> You seem to underestimate how heavily ClickHouse is optimized (e.g. compressed storage).
Is it any more compressed than Apache Hive's ORC format (https://orc.apache.org)? Because that's increasingly accepted as a storage format in a lot of these analytical systems.
Yes, looks like it. According to these posts, ORC only uses snappy or zlib compression, while Clickhouse uses double-delta, Gorilla, and T64 algorithms.
ORC or Parquet are file storage formats so without context their performance can be almost anything. Where is the data stored? S3? HDFS? Local ram disk?
Clickhouse manages the whole distributed storage, ram caching, etc. thing for you.
In my experience, a unified single purpose vertically integrated solution will be faster than a bunch of kitchen sink solutions bolted together.
Of those, it looks like only Presto is open source and/or free. So maybe it's a presto versus clickhouse comparison, which explains why so many choose clickhouse (it's one of only 2 options in its class).
Presto is mostly an engine that runs on top of other databases, although it does have its own query execution engine.

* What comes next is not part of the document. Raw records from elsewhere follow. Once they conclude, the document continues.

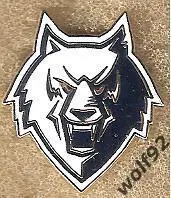 Знак Хоккей Нефтехимик Нижнекамск (6) / 2025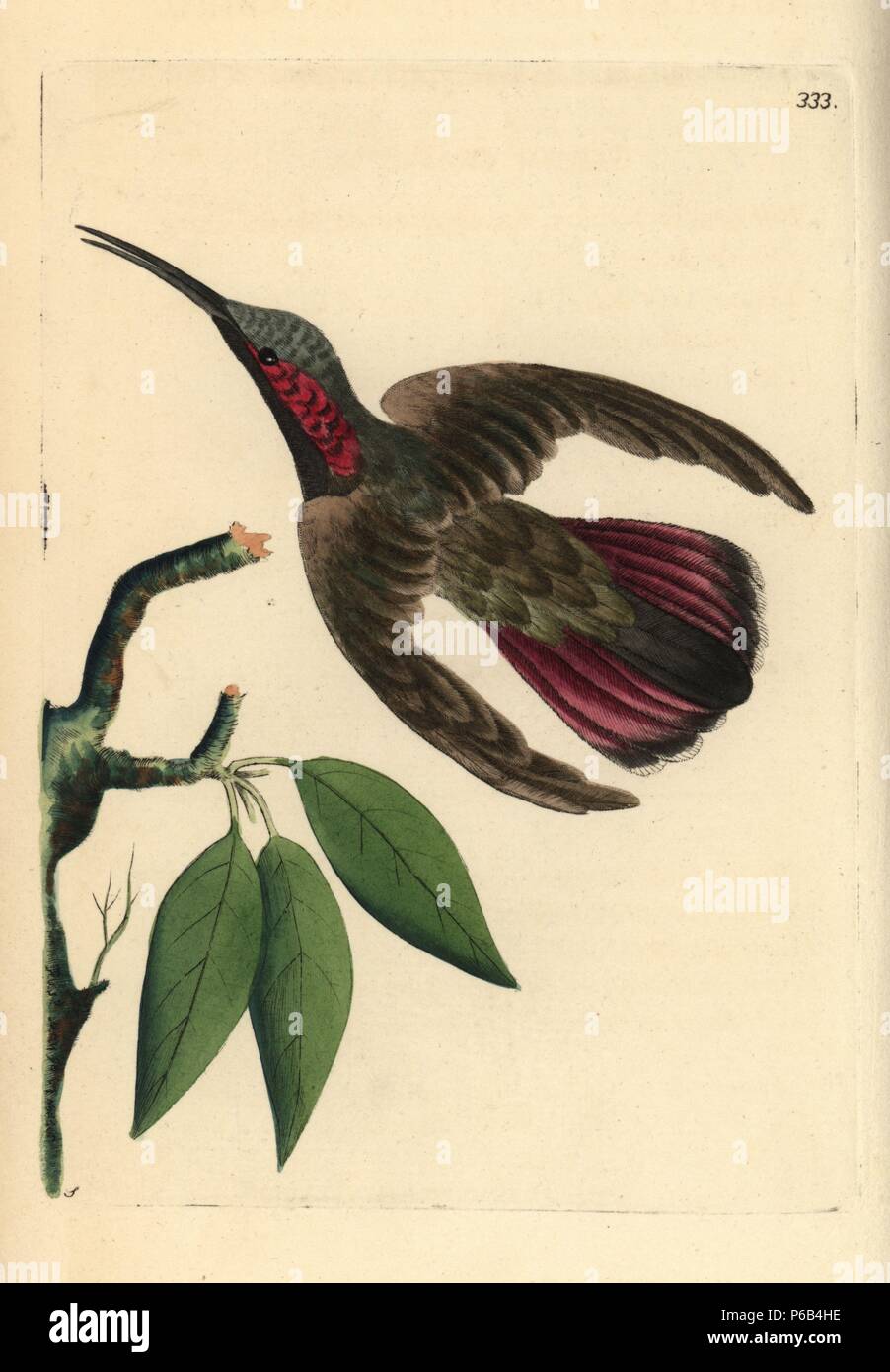 Green-throated mango hummingbird, Anthracothorax viridigula. Illustration drawn by George Shaw. Handcolored copperplate engraving from George Shaw and Frederick Nodder's 'The Naturalist's Miscellany,' London, 1798. Most of the 1,064 illustrations of animals, birds, insects, crustaceans, fishes, marine life and microscopic creatures were drawn by George Shaw, Frederick Nodder and Richard Nodder, and engraved and published by the Nodder family. Frederick drew and engraved many of the copperplates until his death around 1800, and son Richard (17741823) was responsible for the plates signed RN or Stock Photo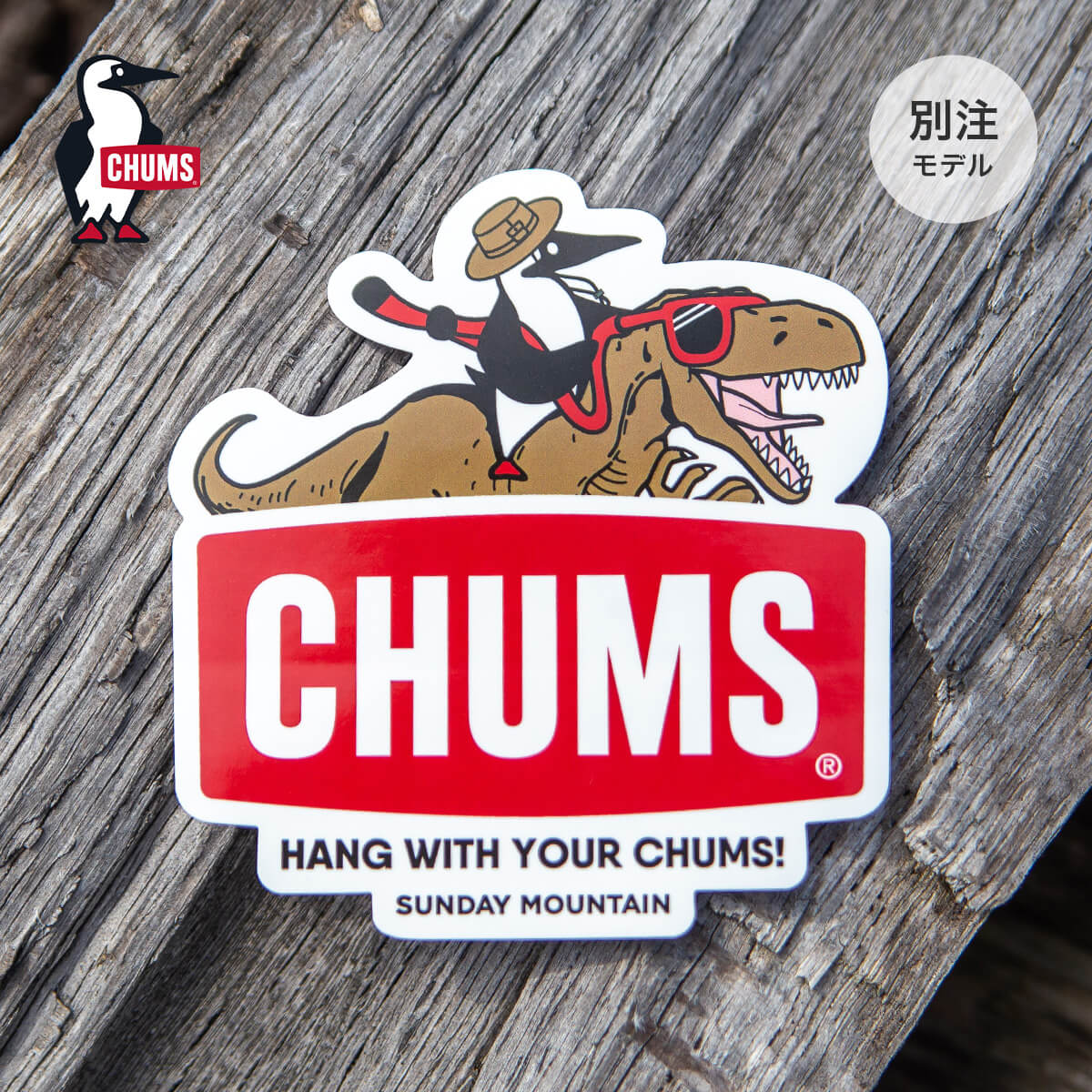 CHUMS×SUNDAY MOUNTAIN チャムス×サンデーマウンテン CHUMS別注ダイナソーステッカー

The basic idea behind Presto is that it federates other databases, and supports doing joins across them. From what I understand, the problem that it solved at Facebook is bridging the gap between different teams; if a team has MySQL and another has files stored on HDFS, it doesn't really matter because all you do is query Presto and it'll query both under the covers. The alternative is setting up data pipelines, and dealing with the ongoing issues of maintaining those data pipelines.
How well do those work on a single 8GB node? Because ClickHouse works very well at that scale, with a single C++ executable.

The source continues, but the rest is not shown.